Curious to discover under-the-radar wunderkinds searing and chopping their way to standout status, we asked a few local luminaries to turn the spotlight on the hardworking line cooks and pastry chefs who are still honing their skills but already shimmer with unique talent and drive. Answers were uniformly zealous, and ran the gamut from an iconoclastic pop-up dinner duo and a budget-minded preservationist to a local master of Cuban cuisine. One thing is clear: Portland’s future is shaping up to be a deliciously eclectic feast.

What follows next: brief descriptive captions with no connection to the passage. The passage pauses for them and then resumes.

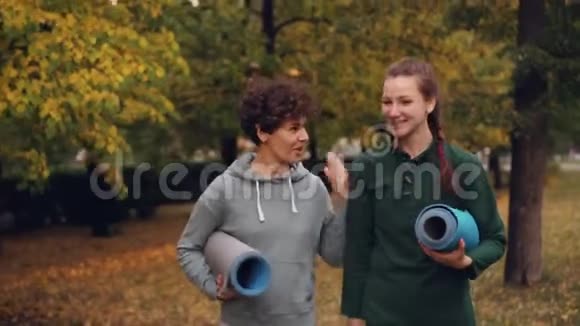 美丽的女孩正在公园里散步瑜伽教练拿着垫子说话手势和笑声师生视频的预览图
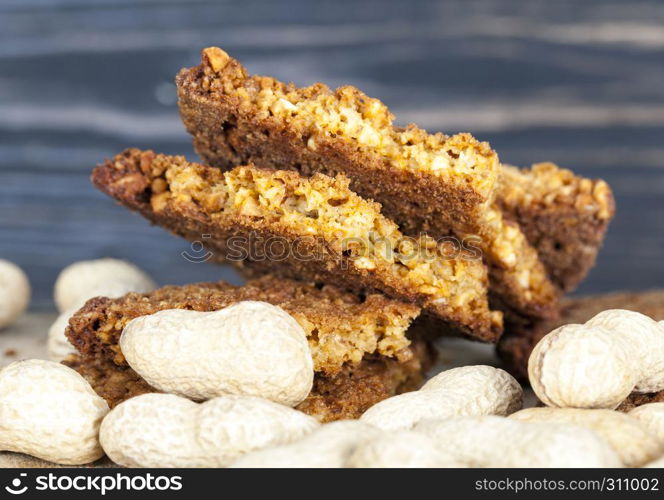 Oatmeal cookies with crushed peanuts lay with the body of the peanuts in the shell on the table. Oatmeal cookies with crushed peanuts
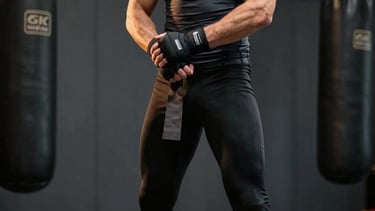 A cinematic, high-performance photograph of a male combat athlete wrapping his hands in a dark, premium MMA gym. He is wearing long black training leggings that fully cover the knees and a dark grey compression top. Global / Performance Athletics. The lighting is dramatic and moody, with gold and off-white highlights on his silhouette. The background is a clean, masculine space with heavy bags and dark grey walls.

Read on to whet your appetite.
Pablo Portilla | Age: 40 | Hometown: Houston, Texas

"This is the guy who's going to make Portlanders aware that Cuban food is more than a sandwich." —Tanuki's Janis Martin
“When I moved to Portland I decided I’d go to beauty school, be a cop, or go to Oregon Culinary Institute,” says Pablo Portilla. “I think I made the right choice.” Over the past 10 years, the baby-faced Texan has boiled crawfish on SE 82nd Avenue and sliced onions at the world-renowned Bouchon for Thomas Keller (a Napa Valley externship he describes as “the most intense three months of my life”). But it was the short stint in 2010 running his yellow food cart, Havana Café, that garnered him the most fans.
At that little Richmond neighborhood kitchen, the always-smiling chef stewed up the authentic fare he ate at his Cuban grandmother’s dinner table, from oxtails and pressed sandwiches to vinegary, pressure-cooked ropa vieja. He shuttered the cart less than a year later to tend to family issues in Houston, but admirers of his meaty eats continued to lobby for Portilla’s return to the kitchen.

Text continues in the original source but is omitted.